策略的核心函数是generate_new_testcase_mutations，根据candidate_generator使用generate_new_testcase_mutations_using_radamsa（RADAMSA会随机选择corpus_directory中符合大小的样，循环编译2000次）或者generate_new_testcase_mutations_using_ml_rnn函数去生成新的样本，假如生成的样本的数量比原来多，才会返回true

def generate_new_testcase_mutations(corpus_directory,
                                    new_testcase_mutations_directory,
                                    fuzzer_name, candidate_generator):
  """Generate new testcase mutations, using existing corpus directory or other
  methods.

  Returns true if mutations are successfully generated using radamsa or ml rnn.
  A false return signifies either no generator use or unsuccessful generation of
  testcase mutations."""
  generation_timeout = get_new_testcase_mutations_timeout()
  pre_mutations_filecount = shell.get_directory_file_count(
      new_testcase_mutations_directory)

  # Generate new testcase mutations using Radamsa.
  if candidate_generator == Generator.RADAMSA:
    generate_new_testcase_mutations_using_radamsa(
        corpus_directory, new_testcase_mutations_directory, generation_timeout)
  # Generate new testcase mutations using ML RNN model.
  elif candidate_generator == Generator.ML_RNN:
    generate_new_testcase_mutations_using_ml_rnn(
        corpus_directory, new_testcase_mutations_directory, fuzzer_name,
        generation_timeout)

  # If new mutations are successfully generated, return true.
  if shell.get_directory_file_count(
      new_testcase_mutations_directory) > pre_mutations_filecount:
    return True

  return False

RANDOM_MAX_LENGTH_STRATEGY

这个就是最大长度策略，首先判断是否已经存在-max_len=参数了，存在就不做任何操作

假如不存在，则生成一个0到10000范围内的数，作为-max_len的值

if strategy_pool.do_strategy(strategy.RANDOM_MAX_LENGTH_STRATEGY):
    max_len_argument = fuzzer_utils.extract_argument(
        existing_arguments, constants.MAX_LEN_FLAG, remove=False)
    if not max_len_argument:
      max_length = random.SystemRandom().randint(1, MAX_VALUE_FOR_MAX_LENGTH)
      arguments.append('%s%d' % (constants.MAX_LEN_FLAG, max_length))
      fuzzing_strategies.append(strategy.RANDOM_MAX_LENGTH_STRATEGY.name)

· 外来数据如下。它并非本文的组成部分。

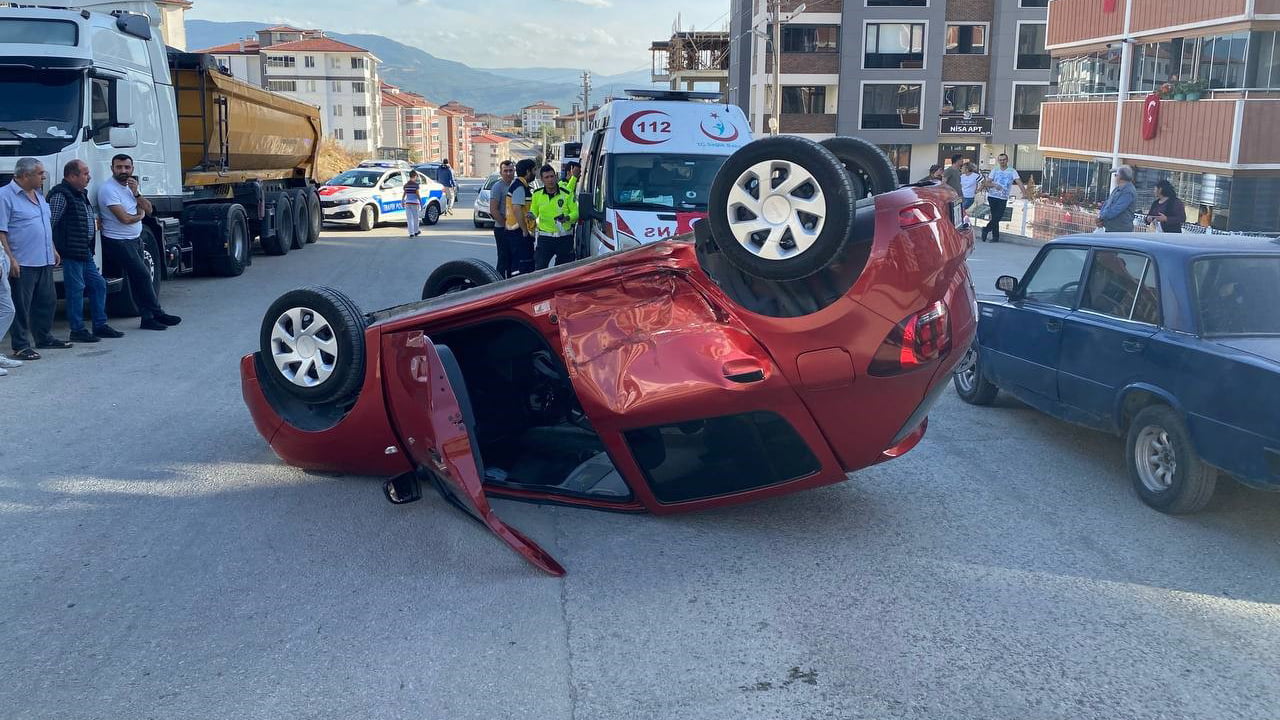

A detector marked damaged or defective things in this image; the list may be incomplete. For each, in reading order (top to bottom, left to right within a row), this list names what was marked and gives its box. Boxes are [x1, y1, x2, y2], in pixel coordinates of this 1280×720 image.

overturned red car [241, 133, 977, 571]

RECOMMENDED_DICTIONARY_STRATEGY

这是推荐字典策略，函数add_recommended_dictionary

if (strategy_pool.do_strategy(strategy.RECOMMENDED_DICTIONARY_STRATEGY) and
      add_recommended_dictionary(arguments, project_qualified_fuzzer_name,
                                 fuzzer_path)):
    fuzzing_strategies.append(strategy.RECOMMENDED_DICTIONARY_STRATEGY.name)

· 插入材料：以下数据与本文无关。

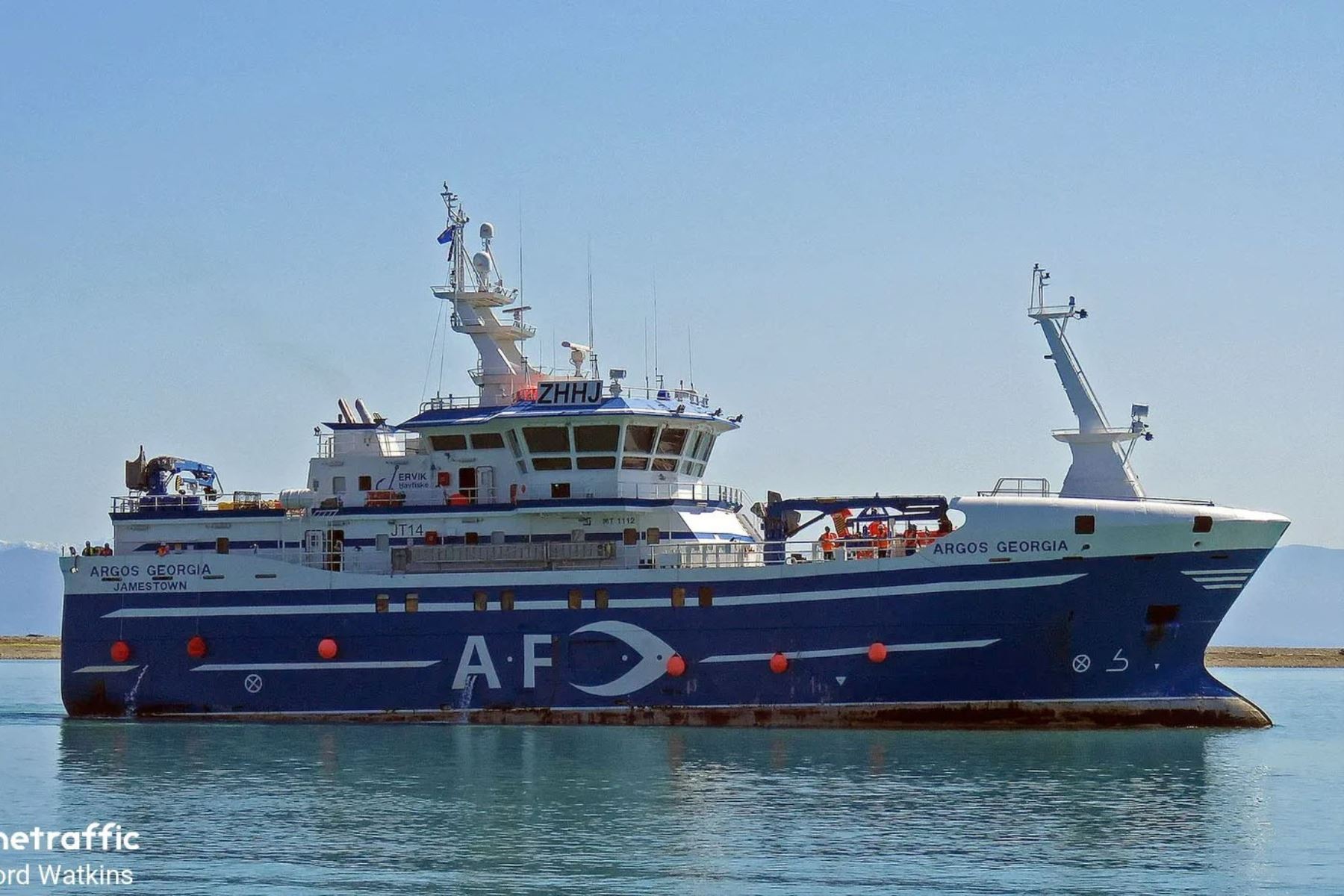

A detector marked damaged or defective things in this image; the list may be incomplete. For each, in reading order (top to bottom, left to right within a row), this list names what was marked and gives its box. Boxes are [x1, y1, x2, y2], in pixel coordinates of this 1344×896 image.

add_recommended_dictionary就是从谷歌云下载recommended_dictionary.dict，假如原来有字典则与原来的字典合并，并使用合并后的字典

def add_recommended_dictionary(arguments, fuzzer_name, fuzzer_path):
  """Add recommended dictionary from GCS to existing .dict file or create
  a new one and update the arguments as needed.
  This function modifies |arguments| list in some cases."""
  recommended_dictionary_path = os.path.join(
      fuzzer_utils.get_temp_dir(),
      dictionary_manager.RECOMMENDED_DICTIONARY_FILENAME)

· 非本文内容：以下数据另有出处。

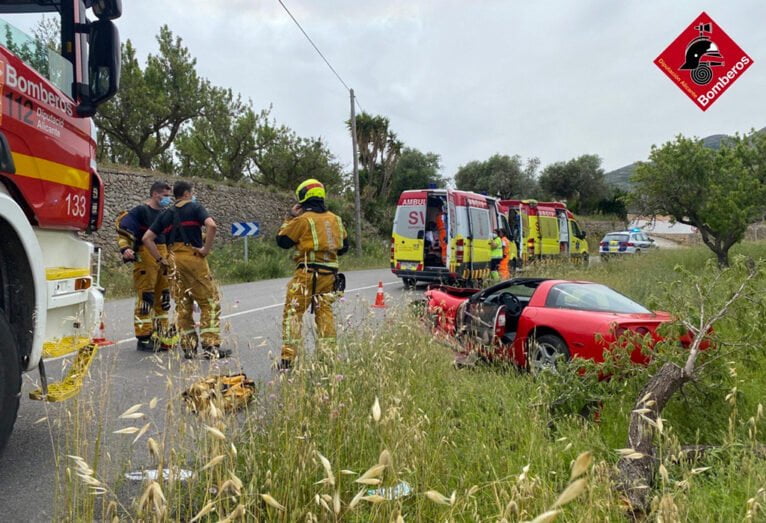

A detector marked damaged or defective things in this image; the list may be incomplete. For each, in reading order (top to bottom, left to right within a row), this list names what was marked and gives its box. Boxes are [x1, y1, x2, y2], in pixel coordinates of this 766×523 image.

crashed vehicle [426, 278, 704, 372]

  dict_manager = dictionary_manager.DictionaryManager(fuzzer_name)

  try:
    # Bail out if cannot download recommended dictionary from GCS.
    if not dict_manager.download_recommended_dictionary_from_gcs(
        recommended_dictionary_path):
      return False
  except Exception as ex:
    logs.log_error(
        'Exception downloading recommended dictionary:\n%s.' % str(ex))
    return False

  # Bail out if the downloaded dictionary is empty.
  if not os.path.getsize(recommended_dictionary_path):
    return False

  # Check if there is an existing dictionary file in arguments.
  original_dictionary_path = fuzzer_utils.extract_argument(
      arguments, constants.DICT_FLAG)
  merged_dictionary_path = (
      original_dictionary_path or
      dictionary_manager.get_default_dictionary_path(fuzzer_path))
  merged_dictionary_path += MERGED_DICT_SUFFIX

  dictionary_manager.merge_dictionary_files(original_dictionary_path,
                                            recommended_dictionary_path,
                                            merged_dictionary_path)
  arguments.append(constants.DICT_FLAG + merged_dictionary_path)
  return True

VALUE_PROFILE_STRATEGY

这个简单，就是添加参数-use_value_profile=1，下面是帮助信息，应该是使用特殊的值来指导模糊测试

Experimental. Use value profile to guide fuzzing.

if strategy_pool.do_strategy(strategy.VALUE_PROFILE_STRATEGY):
    arguments.append(constants.VALUE_PROFILE_ARGUMENT)
    fuzzing_strategies.append(strategy.VALUE_PROFILE_STRATEGY.name)

FORK_STRATEGY

这个是fork策略，从MAX_FUZZ_THREADS获取max_fuzz_threads，默认值是1，

-fork=的参数是cpu的核心数除以max_fuzz_threads，最小为1

# Do not use fork mode for DFT-based fuzzing. This is needed in order to
 # collect readable and actionable logs from fuzz targets running with DFT.
 if (not is_fuchsia and not is_android and not is_ephemeral and
     not use_dataflow_tracing and
     strategy_pool.do_strategy(strategy.FORK_STRATEGY)):
   max_fuzz_threads = environment.get_value('MAX_FUZZ_THREADS', 1)
   num_fuzz_processes = max(1, utils.cpu_count() // max_fuzz_threads)
   arguments.append('%s%d' % (constants.FORK_FLAG, num_fuzz_processes))
   fuzzing_strategies.append(
       '%s_%d' % (strategy.FORK_STRATEGY.name, num_fuzz_processes))

MUTATOR_PLUGIN_STRATEGY

这个是use_mutator_plugin函数通过设置extra_env['LD_PRELOAD'] = mutator_plugin_path来生效的

extra_env = {}
if (strategy_pool.do_strategy(strategy.MUTATOR_PLUGIN_STRATEGY) and
    use_mutator_plugin(target_name, extra_env)):
  fuzzing_strategies.append(strategy.MUTATOR_PLUGIN_STRATEGY.name)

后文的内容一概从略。